Captioned web images:
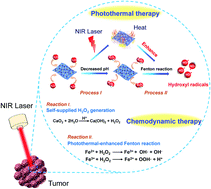 Graphical abstract: Self-evolved hydrogen peroxide boosts photothermal-promoted tumor-specific nanocatalytic therapy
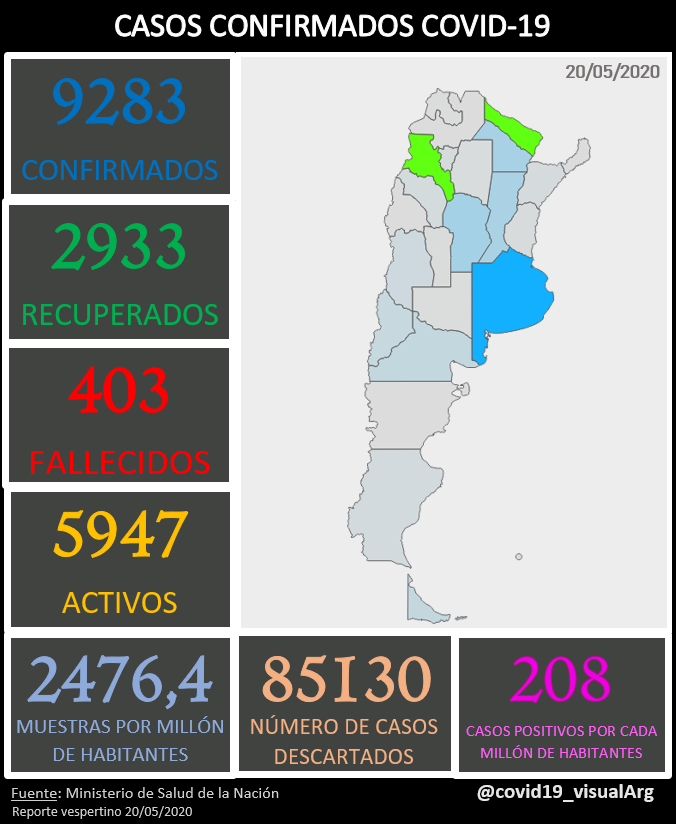 Datos de covid-19 actualizados del ultimo reporte del ministerio de la Nación.
Instagram: Covid19_visualArg
#Coronavirus Día 62 de #Cuarentena #Argentina
#QuedateEnCasa  #buenosaires #chaco #cordoba #caba #amba #covid19 #DataScientist #data #BigDataAnalytics #bigdata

**What is required**
Once you reach the line that contains "#Coronavirus Día 62 de #Cuarentena #Argentina", print it and every line after it exactly as written, stopping at the last line of the records and adding nothing.

**Your response**
#Coronavirus Día 62 de #Cuarentena #Argentina
#QuedateEnCasa  #buenosaires #chaco #cordoba #caba #amba #covid19 #DataScientist #data #BigDataAnalytics #bigdata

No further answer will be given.